Business confidence is returning, and so are the foreign investors. Add that to the strong rebound of the Thai stock market (SET) and its current political stability, Thailand seems to be on track for a strong recovery, says our local expert.
A lot has happened in Thailand since the military coup d'état in May. A new cabinet was formed shortly after the election of General Prayuth Chan-ocha (the former Commander in Chief of the Royal Thai Army) as Prime Minister. As the aftermath of the six months political unrest starts to wear off, investors' confidence seems to be returning. Thailand's economy has successfully avoided a recession in the second quarter and it is now showing signs of recovery.
Southeast Asia's second largest economy grew 0.9% in April-June from the previous quarter as government spending and exports improved. Year-on-year, Thailand grew 0.4% in the second quarter but a contraction of 0.1% in the first six months was inevitable due to the political turmoil that damaged domestic consumption, investor confidence and the tourism industry.
Thailand's central bank is keeping its 2014 economic growth forecast unchanged as it anticipates a significant improvement in the local economy in the last quarter. This is because the Thai government is expected to announce an economic stimulus package that includes a US$74bn infrastructure investment plan and government budget disbursement to stimulate domestic consumption and public spending. The central bank expects a strong V-shaped rebound from the country's recent rough patch while predicting a growth of 4.8% in 2015.

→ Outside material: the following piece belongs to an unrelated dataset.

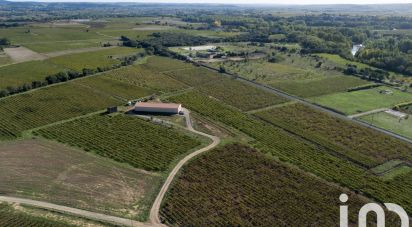 Agricultural land of 93,829 m² in Ceyras (34800)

On the stock market, the Stock Exchange of Thailand Index (SETI) is trading at a 14-month high, having jumped 10% since the military takeover. Overall, the sentiment has become far more conducive to a rise in funds as investor confidence is slowly restored. The stock exchange is experiencing a wave of initial public offerings (IPOs), with the listing of Thailand's first real estate investment trust (REIT) by Bangkok Land and Bangkok Airways coming in October. In total, 13 firms and four property funds have entered the final stages of listing and are now negotiating with the authority on the listing dates. The swift recovery of Thailand's capital market can further be illustrated by more than 30 companies, property funds, infrastructure fund and REIT which have all filed for IPO approvals.

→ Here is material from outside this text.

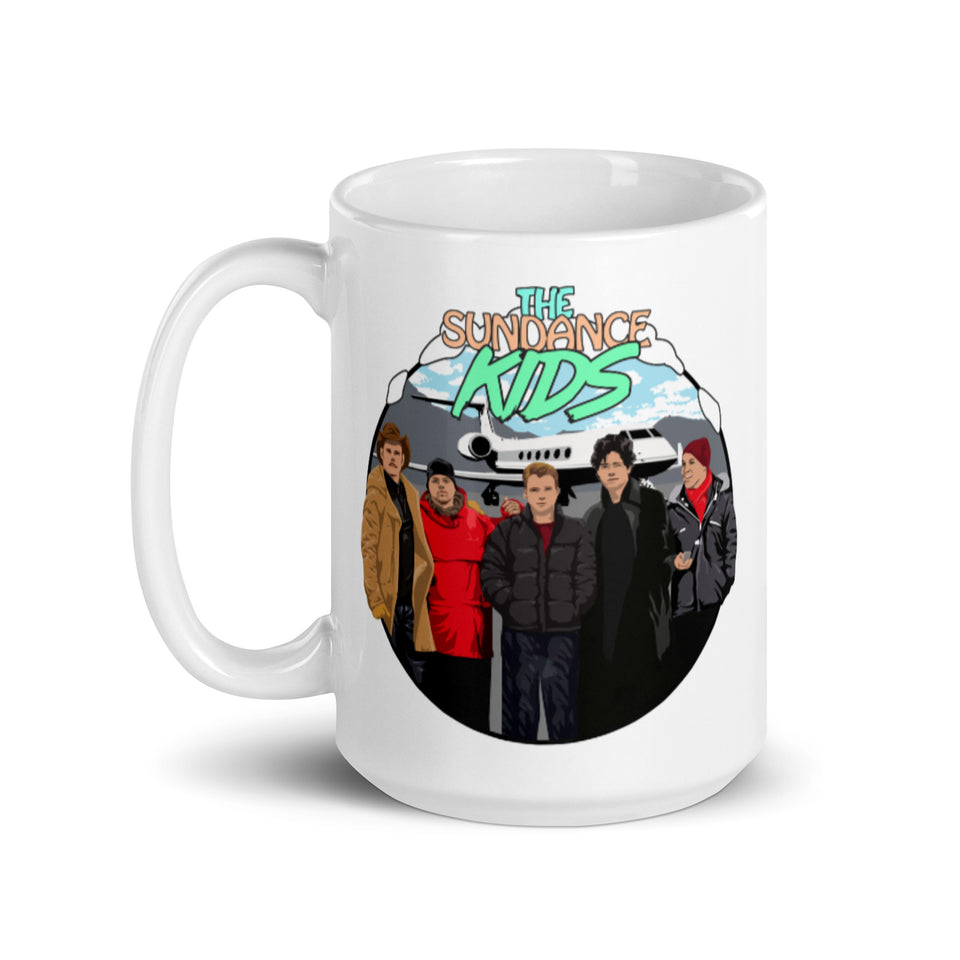 The Sundance Kids - Mug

Since June, Thailand's Board of Investments (BoI) has approved 121 projects worth US$9.39bn ranging from energy production (steam, wind, ethanol and electrical power) to auto-parts and fabric production. Also, for the first nine months of the year, the Business Development Department (under the Ministry of Commerce) has approved 313 applications worth more than US$1.79bn under the Foreign Business Act that allows foreign investors to set up their Thai operation. The objective of the act is to encourage knowledge transfer by opening up the services industry (particularly the finance sector) to foreign firms that will eventually create more jobs for locals. The numbers of approval have increased 11% while the value of initial capital investment is US$1.36bn more than the same corresponding period in 2013.
The figures indicate that foreign investors are buying into the Thai economy recovery story as political stability has been restored by the military. The Thai government's effort in restoring foreign investors' confidence has begun to bear fruits as Volkswagen is planning to invest US$1.27bn to build its first manufacturing plant in Thailand, capitalising on the tax break policies that had already attracted investments from Ford and General Motors.
Thailand's economy is well known for its ability to withstand domestic political turmoil, global economic crisis and even natural disasters - thus earning the moniker "Teflon Thailand". Despite the devastating tsunami (2004), military coup (2006), global financial crisis (2008), political unrest (2010) and severe flood (2011) of the past decade, Thailand's GDP grew at an average rate of 4.2% in the same corresponding period. Thailand's ability to rebound swiftly without fail is largely due to its sound macroeconomic management, stable banking system and strong economic fundamentals.
According to the Global Competitiveness Report 2014-2015 (World Economic Forum, 2014), Thailand is ranked 31st globally (which is up six places on 2013's list) and third among ASEAN countries. Thailand's consistent improvement in competiveness (third year in a row) has proven that its fundamentals are still intact, and it's ready to move towards becoming a high-income economy.
In short, with the return of confidence from the business community and FDI returning back to Thailand - coupled with the strong rebound of the Thai stock market (SET) and current political stability - Thailand seems to be on track for a strong recovery.